Like any Durango, the SRT is comfortable and practically proportioned. It’s easy enough to maneuver, hauls plenty and is wrapped around Fiat Chrysler’s still-excellent Uconnect infotainment software. Fun frivolities like a horsepower gauge and g meter are also baked in there now, too.
And while the Durango SRT never truly escapes a sensation of significant momentum due to its 5,500 pound(!) curb weight, you can whip it around corners in wet weather with remarkably little understeer. The stakes get high when you take this much mass to its limit, though. Once a car this size breaks traction, you better hope all those airbags aren’t loaded with shrapnel.
No particular piece of the Durango SRT feels frustratingly inadequate, except perhaps for the wheel speed sensor we drowned getting this photograph which killed the car’s ABS and traction control for a few miles.
But at $64,000, this vehicle is a bit of a bastard. It’s too brash to be a sleeper, too soft to be a racer, and most importantly, still too high and heavy to really feel satisfying connecting corners chasing the limits of your talent. So, like, what are you actually doing with this thing... stomping on the gas and making sweet music on on-ramps?

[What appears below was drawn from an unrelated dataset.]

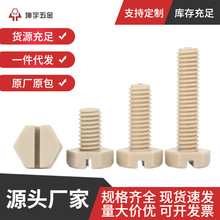 �^����ȼPEEK�ߏ�������������һ���ݽz�����|Ӳ�ȸ�������˨M4M6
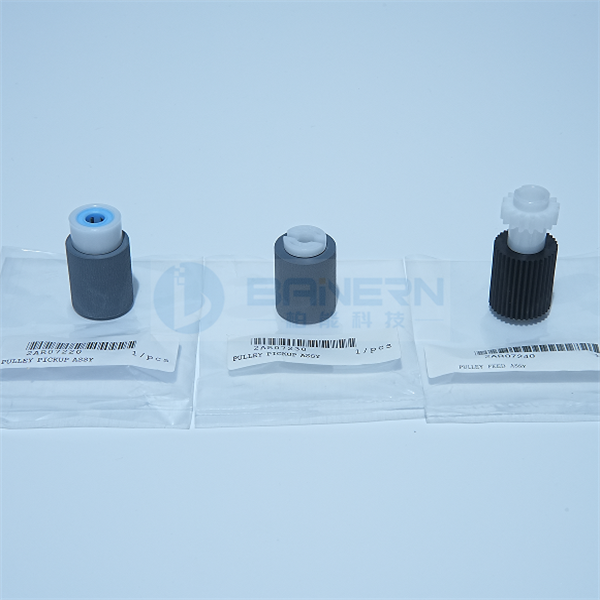 Kyocera KM1635 5035 1468 2530 TA 180 250 400 552Ci 2AR07220 2AR07230 2AR07240 Paper Pickup Roller Kits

There’s a better answer for that too: the 360-horsepower Durango R/T.
The 360-horsepower R/T has more merging-power than your fathers’s family taxi could have dreamed of, handles sufficiently well for overcooked exit ramps, and its exhaust note is distinctive enough to put a smile on your face without rolling anybody’s eyes.

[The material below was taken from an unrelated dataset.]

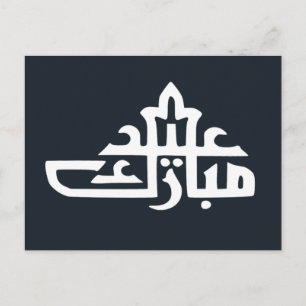 Happy eid mubarak kareem postcard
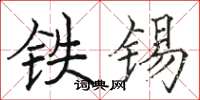 駱恆光鐵錫楷書怎么寫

All either of these vehicles ever need to do in the real world is cruise a little bit over the highway speed limit and exit parking lots like an asshole. Save yourself $20,000 and get the old “performance” Durango that’s racking up incentives on your local dealer’s lot.
The more you drive it, the more the case for the Durango SRT starts to crumble. It’s a fun idea, but the reality of this car isn’t as cool as the concept sounds. The power is excessive for regular driving, the chassis is suboptimal for canyon carving. After the novelty of the noise wore off and I realized I was still in a six-seat mean-looking minivan, I didn’t really feel “cool” so much as “desperate for attention.”
Sure, the Durango SRT is a capable family car, but aren’t you going to feel a little idiotic thundering out of your kid’s elementary school parking lot, using your 475-horsepower to be a responsible parent?
Or say you roll up to a race track in this thing, without a race car on the trailer hitch. Would you take you seriously?
I completely understand the appeal of a practical passenger vehicle with a little extra burble, which is why I really dig the $44,000 Durango R/T. It couldn’t catch the SRT around a race track, but it would leave you with a nice-sounding practical SUV and enough money left over to buy a real muscle car. So why compromise?